Public Health Sciences Division, Fred Hutchinson Cancer Center, Seattle, WA 98109, United States.
SWOG Statistics and Data Management Center, Fred Hutchinson Cancer Center, Seattle, WA 98109, United States.
Brief Bioinform. 2024 Sep 23;25(6). doi: 10.1093/bib/bbae522.
Multiplexed spatial proteomics reveals the spatial organization of cells in tumors, which is associated with important clinical outcomes such as survival and treatment response. This spatial organization is often summarized using spatial summary statistics, including Ripley's K and Besag's L. However, if multiple regions of the same tumor are imaged, it is unclear how to synthesize the relationship with a single patient-level endpoint. We evaluate extant approaches for accommodating multiple images within the context of associating summary statistics with outcomes. First, we consider averaging-based approaches wherein multiple summaries for a single sample are combined in a weighted mean. We then propose a novel class of ensemble testing approaches in which we simulate random weights used to aggregate summaries, test for an association with outcomes, and combine the $P$-values. We systematically evaluate the performance of these approaches via simulation and application to data from non-small cell lung cancer, colorectal cancer, and triple negative breast cancer. We find that the optimal strategy varies, but a simple weighted average of the summary statistics based on the number of cells in each image often offers the highest power and controls type I error effectively. When the size of the imaged regions varies, incorporating this variation into the weighted aggregation may yield additional power in cases where the varying size is informative. Ensemble testing (but not resampling) offered high power and type I error control across conditions in our simulated data sets.
多重空间蛋白质组学揭示了肿瘤细胞的空间组织,这与重要的临床结果相关,如生存和治疗反应。
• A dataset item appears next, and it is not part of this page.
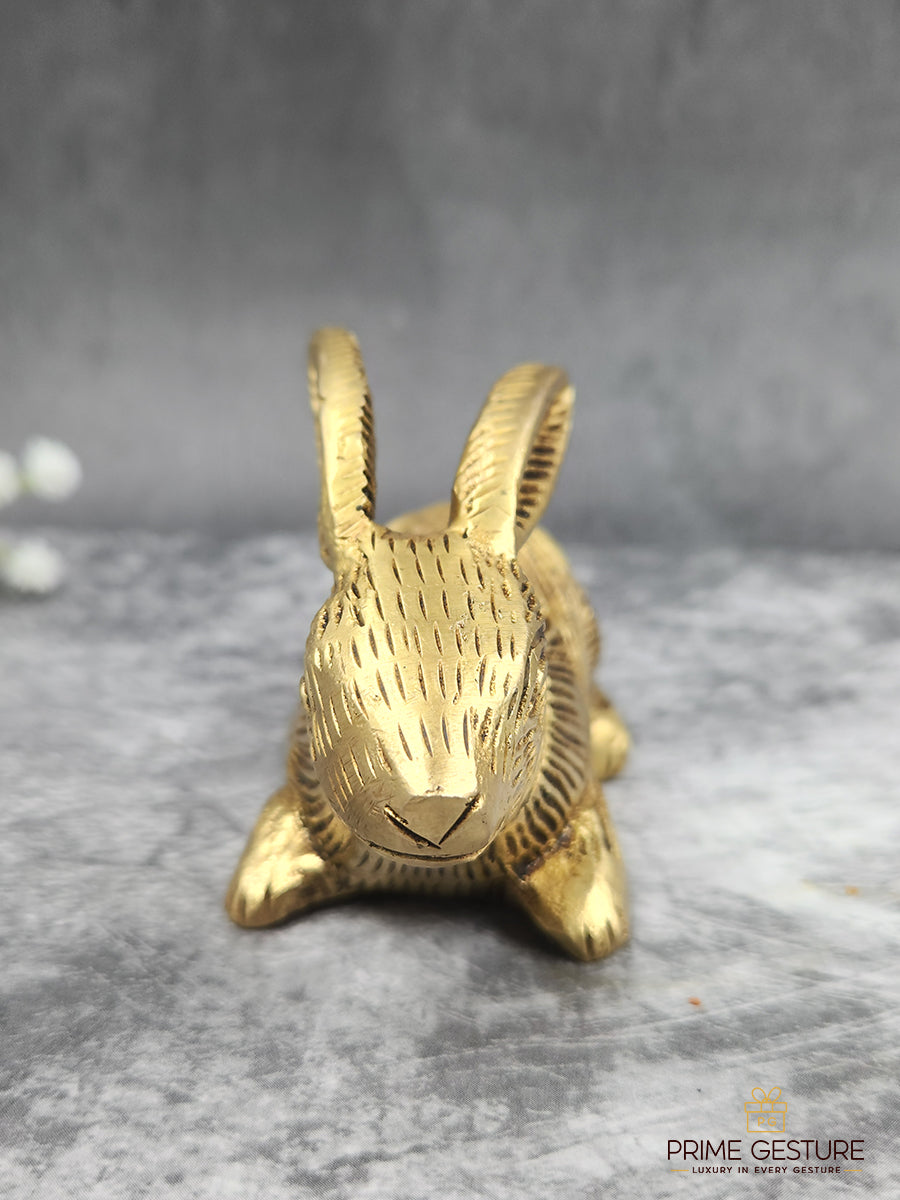 Delightful Brass Mini Rabbit Idol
这种空间组织通常使用空间总结统计数据来概括,包括 Ripley 的 K 和 Besag 的 L。然而,如果对同一肿瘤的多个区域进行成像,则不清楚如何将其与单个患者水平的终点联系起来。我们评估了现有的方法,以适应与结果相关的空间总结统计数据的多个图像。首先,我们考虑基于平均值的方法,其中对单个样本的多个摘要进行加权平均组合。然后,我们提出了一类新的集成测试方法,其中我们模拟用于聚合摘要的随机权重,测试与结果的关联,并组合 P 值。我们通过模拟和应用于非小细胞肺癌、结直肠癌和三阴性乳腺癌的数据来系统地评估这些方法的性能。我们发现最佳策略因情况而异,但基于每个图像中细胞数量的简单摘要统计加权平均值通常提供最高的功效并有效地控制 I 型错误。当成像区域的大小变化时,在变化大小提供信息的情况下,将这种变化纳入加权聚合中可能会获得额外的功效。在我们的模拟数据集的所有条件下,集成测试(但不是重采样)提供了高功效和 I 型错误控制。